***** SUPPLIED DATA *****
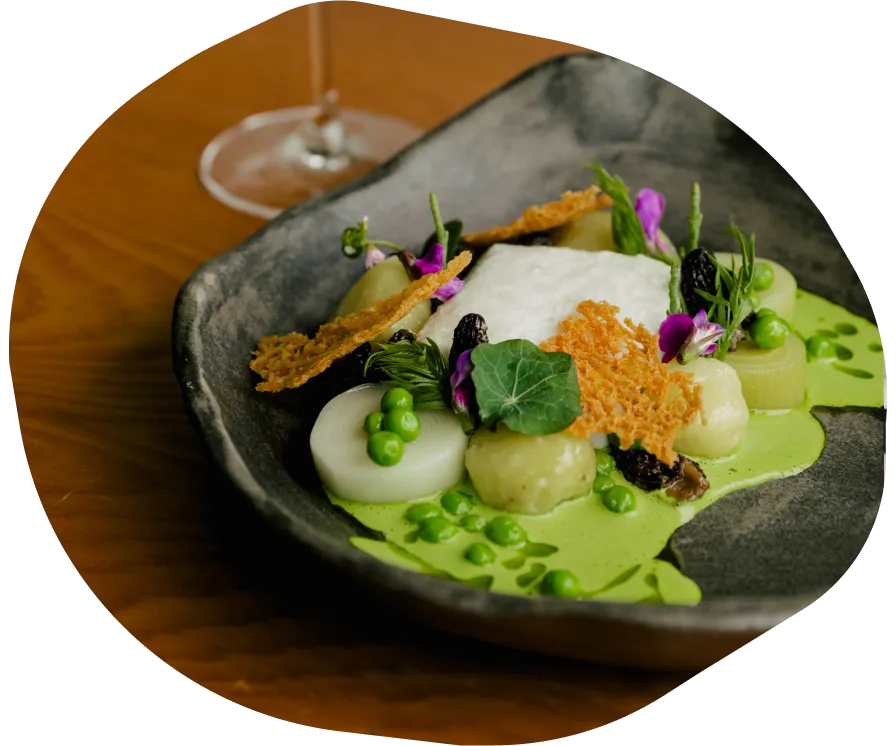 Mix of seafood prepared in  stone dish on a wooden table.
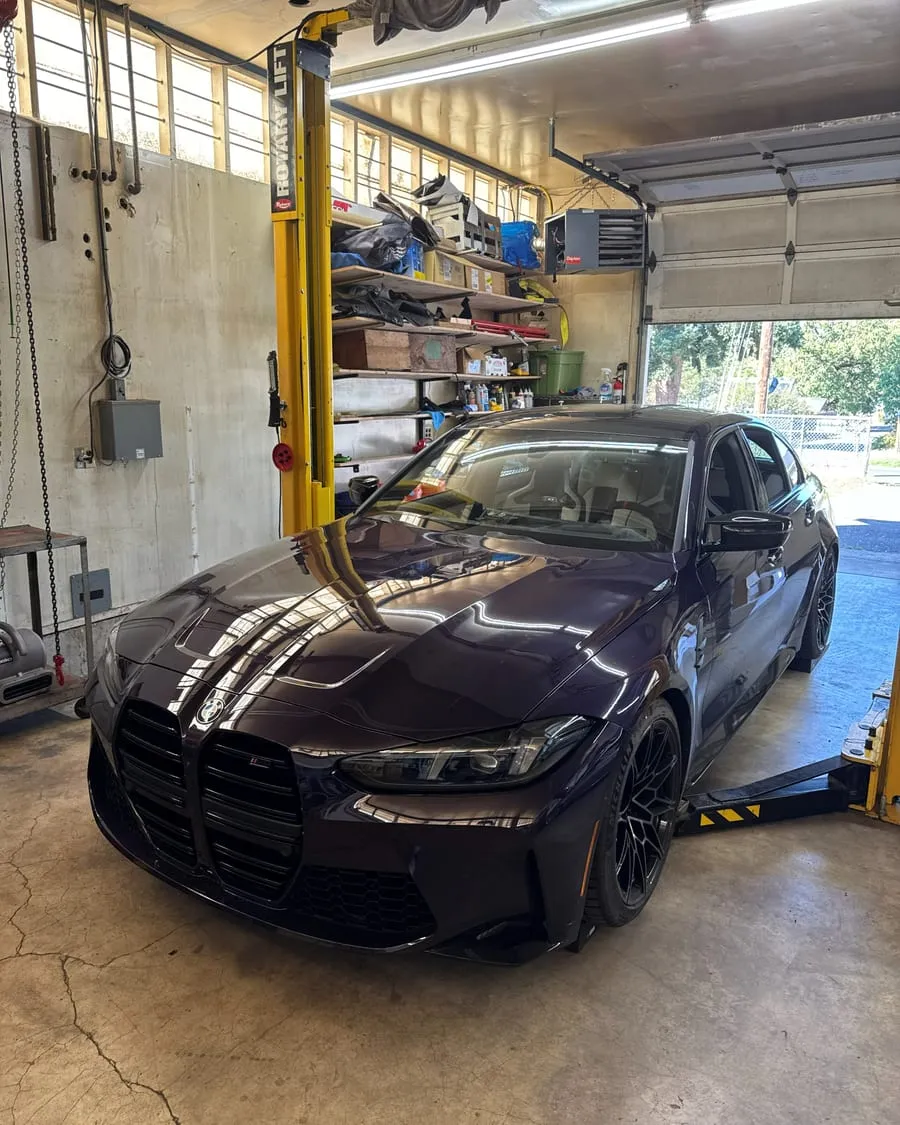 BMW G80 M3 Competition on the lift for a performance exhaust install at PDXEuroWerks, a Portland BMW specialty shop in Oregon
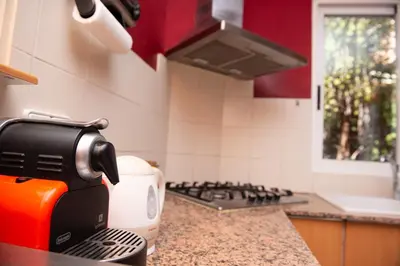 a kitchen with a coffee maker on a counter at Villa Rive Rouge in Riba-Roja De Turia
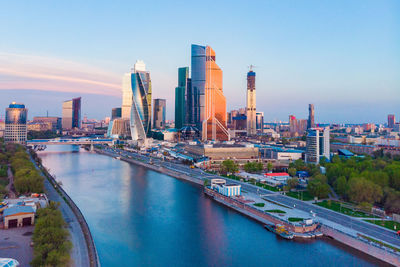 River amidst buildings in city against sky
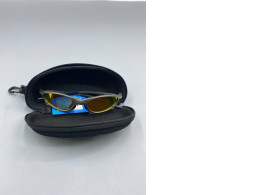 Cycling sunglasses in a glasses case.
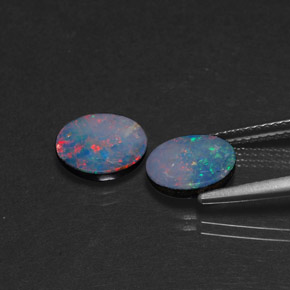 Doppietto di opale naturale multicolore da  ct, taglio ovale, opaco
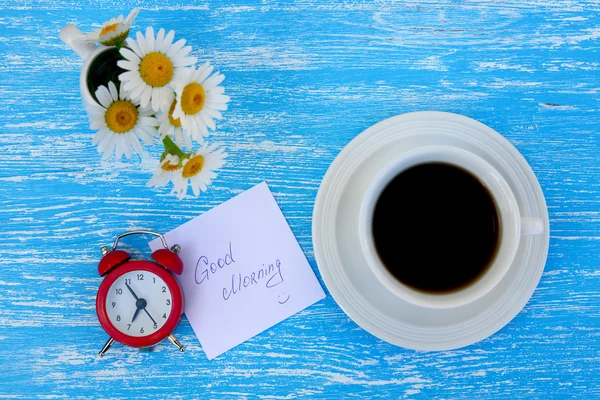 Madeliefjebloemen, wekker en kopje koffie met opmerking Goedemorgen op rustieke blauwe houten achtergrond — Stockfoto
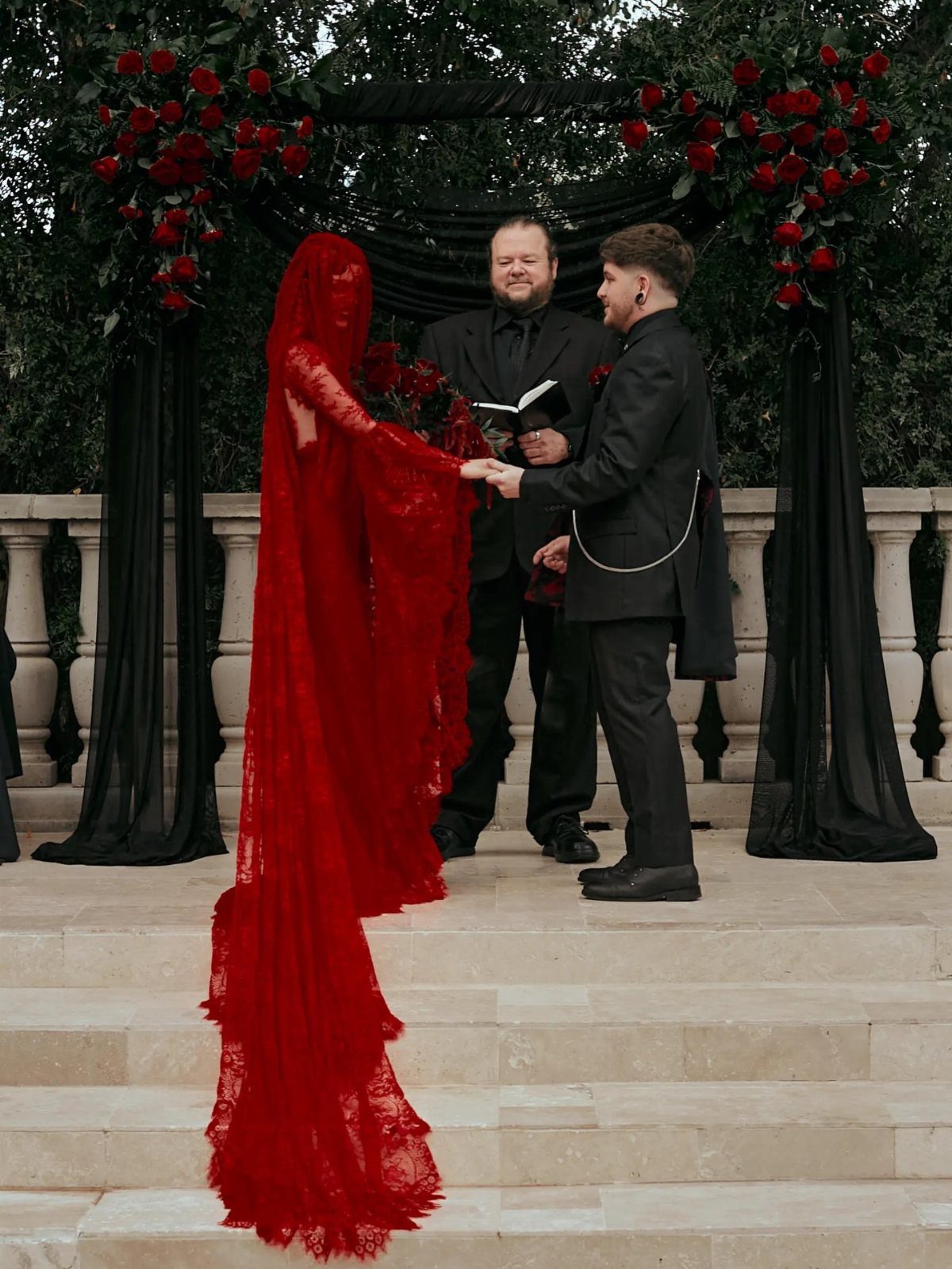 Bride in red lace gown and groom in black suit at outdoor wedding ceremony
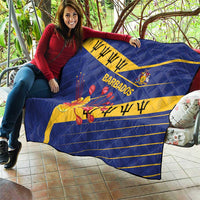 Blue Barbados quilt draped outdoors with yellow diagonal band, BARBADOS text, crest and flowers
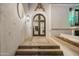 Elegant home with arched entryway, iron doors, and stone steps at 5301 E Roadrunner Rd, Paradise Valley, AZ 85253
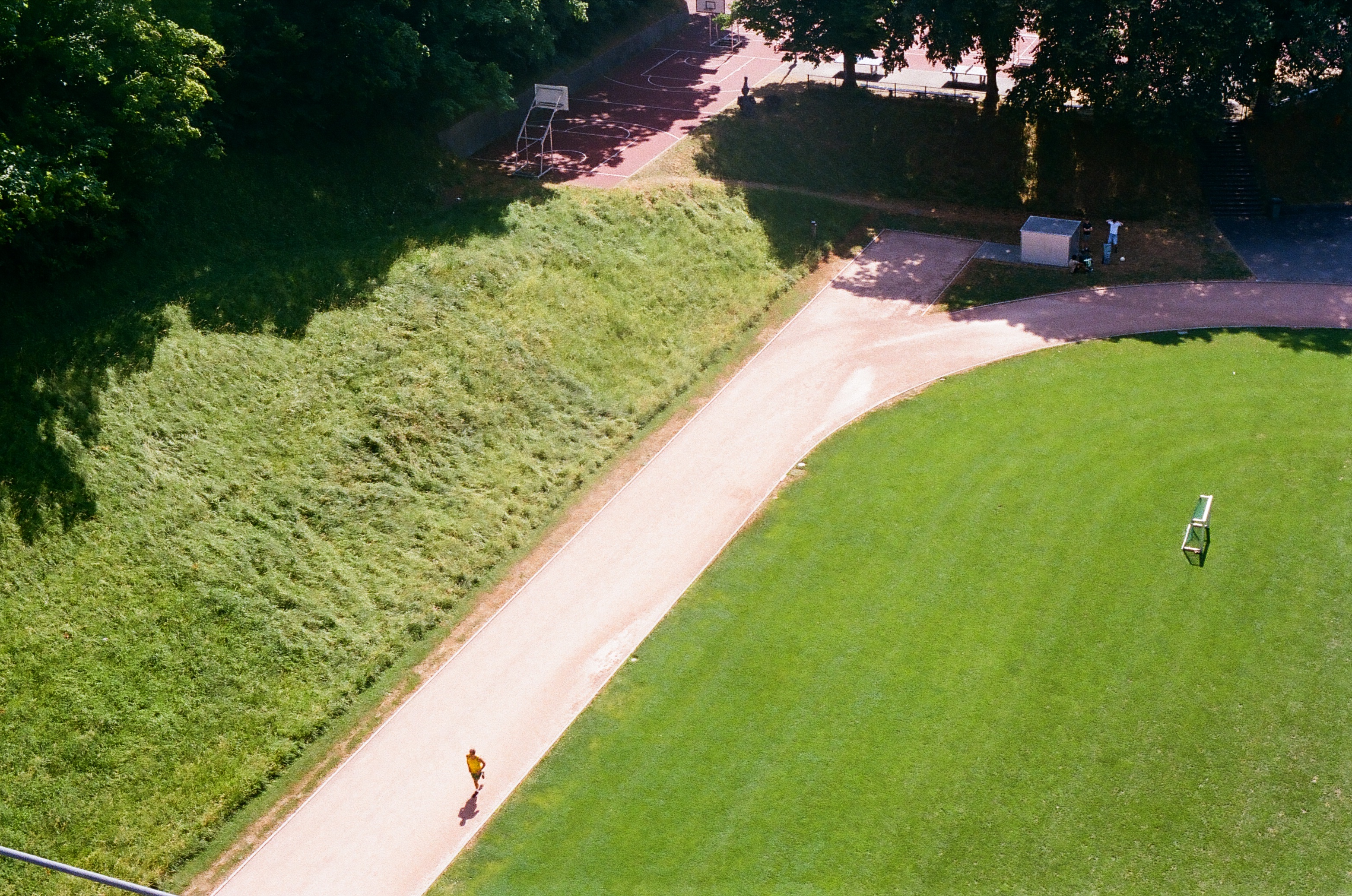 Aerial view of a runner on a tan path between a green lawn and grassy hill with a basketball court in the background on a sunny day.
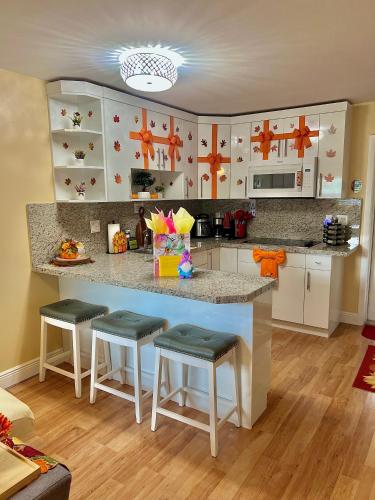 a kitchen with a counter and stools in a room at The Boutique Guest House in Miami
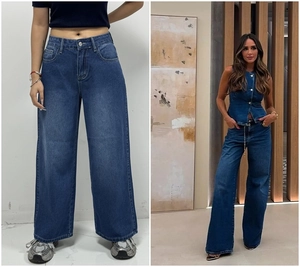 Detail of high-waisted wide-leg denim jeans in dark blue wash with dual front pockets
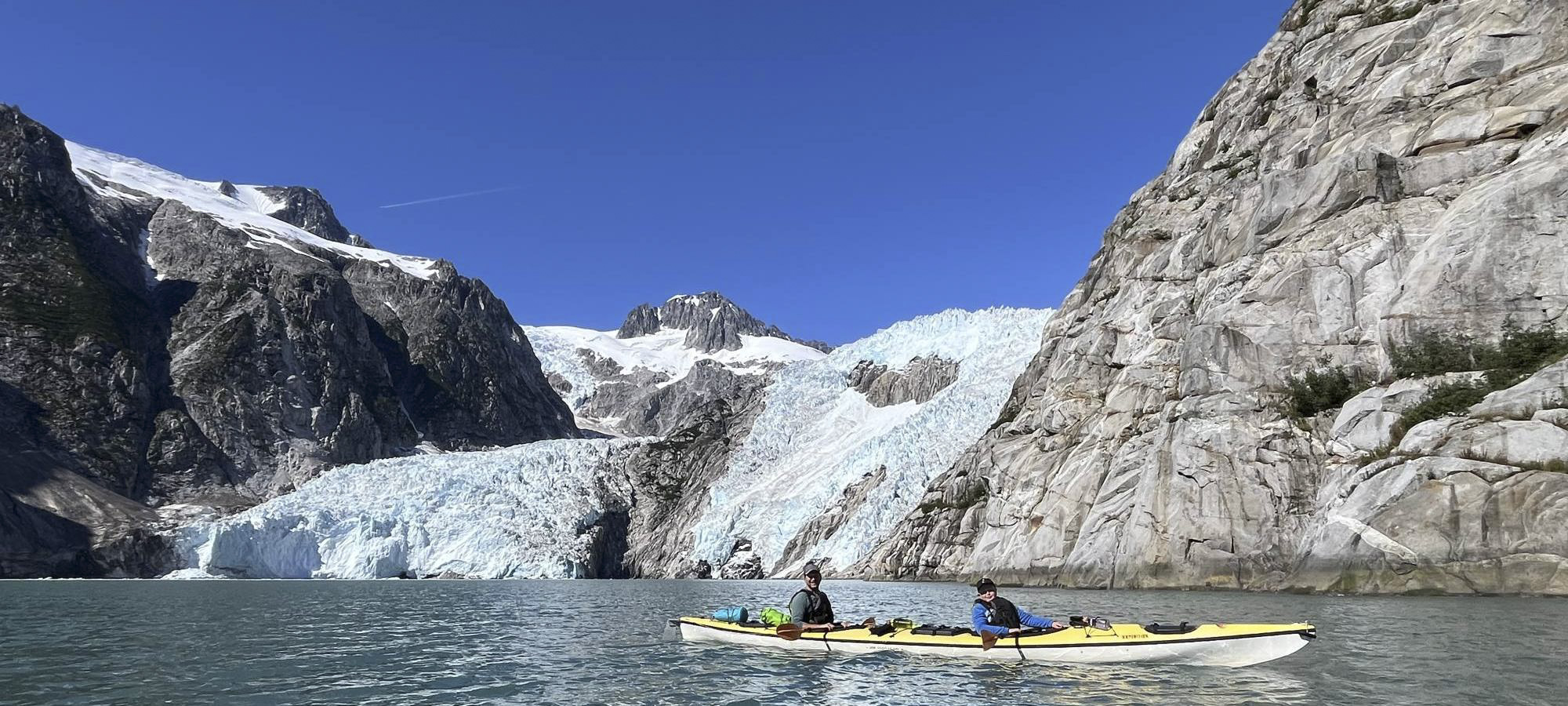 Two kayakers on turquoise water below a glacier and grey granite cliffs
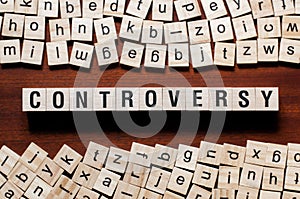 Controversy word concept on cubes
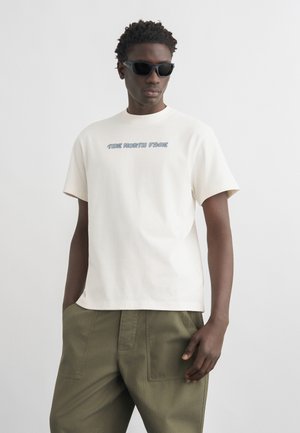 Férfi fekete napszemüvegben, rövid ujjú fehér pólóban a "The North Face" logóval és olívazöld nadrágban, egyszínű háttér előtt állva.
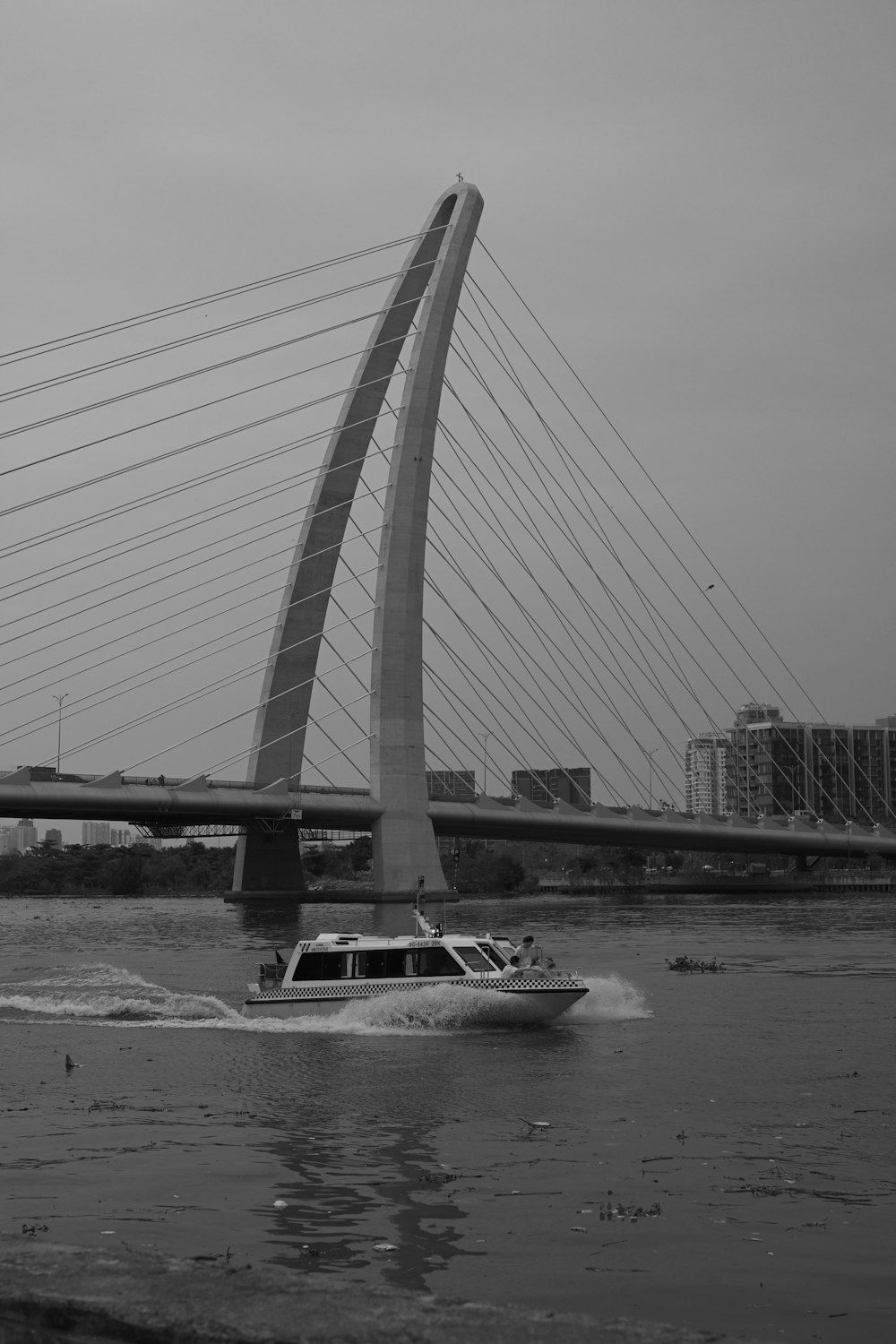 a black and white photo of a boat going under a bridge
*****
* ACTION ITEM: Write out exactly the run of lines above that starts at the line containing "BMW G80 M3 Competition" and ends at the line containing "Blue Barbados quilt". Include both, and leave the pictures out.

* TASK SOLUTION:
 BMW G80 M3 Competition on the lift for a performance exhaust install at PDXEuroWerks, a Portland BMW specialty shop in Oregon
 a kitchen with a coffee maker on a counter at Villa Rive Rouge in Riba-Roja De Turia
 River amidst buildings in city against sky
 Cycling sunglasses in a glasses case.
 Doppietto di opale naturale multicolore da  ct, taglio ovale, opaco
 Madeliefjebloemen, wekker en kopje koffie met opmerking Goedemorgen op rustieke blauwe houten achtergrond — Stockfoto
 Bride in red lace gown and groom in black suit at outdoor wedding ceremony
 Blue Barbados quilt draped outdoors with yellow diagonal band, BARBADOS text, crest and flowers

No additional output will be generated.